Worldwide, around 30 million people enter and leave prison each year. Of these, around 4.5 million have hepatitis C, almost 1 million have HIV and 1.5 million have hepatitis B infections. By Professor Kate Dolan.

21 Jul 2016

In many countries, prisons are underfunded and overcrowded, and injecting drug use is common. Those who enter prison uninfected are at risk of becoming infected, as few countries provide the range of prevention programs required to halt transmission inside.

Once detained, prisoners are often denied access to life-saving treatment for these infections.

This lack of access to treatment and prevention programs is a human rights violation that must be addressed. A series of articles in the Lancet medical journal – released ahead of next week’s AIDS 2016 conference in Durban, South Africa – outlines how.


In the West, more than one-third of inmates have a history of drug injection. In New South Wales, it’s about half of inmates. This is in stark contrast with levels of drug injecting in the general population, which are less than 0.5% in Europe and Australia.

While those in the community may not feel at risk, most inmates are released back to their communities. Many prisoners serve short sentences of about six months or less. And sentences served by women tend to be shorter, three months or so.
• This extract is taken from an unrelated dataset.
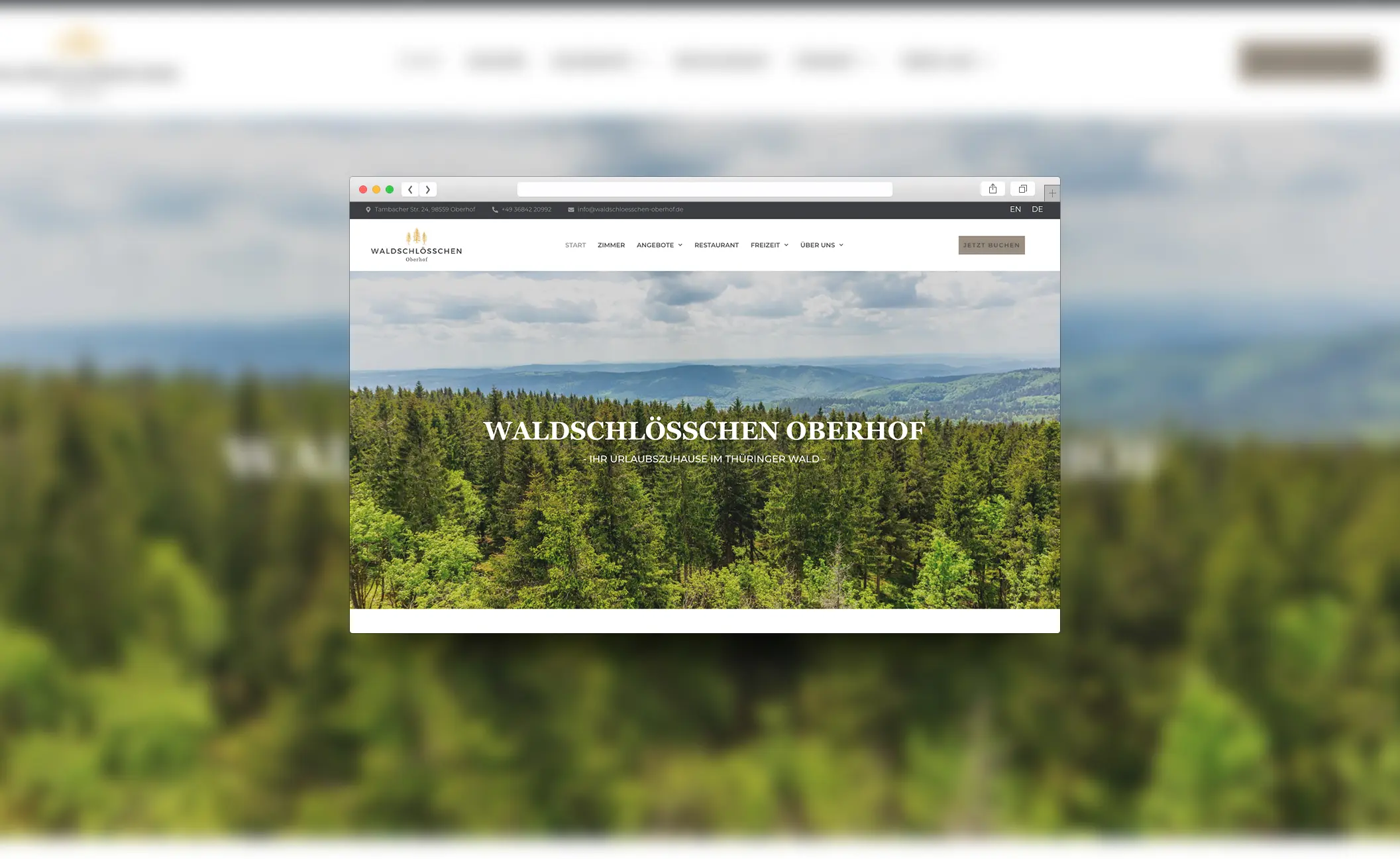 WordPress Elementor Website für das Waldschlösschen Oberhof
As part of the Lancet package, we published a review of prevention programs for prisoners including education, voluntary testing and counselling, needle and syringe programs, methadone, condom provision and antiretroviral therapy for HIV.

Only seven countries – Moldova, Kyrgyzstan, Germany, Luxembourg, Portugal, Spain and Switzerland – provide all six interventions in their prisons. However, the actual level of coverage in these countries remains unknown.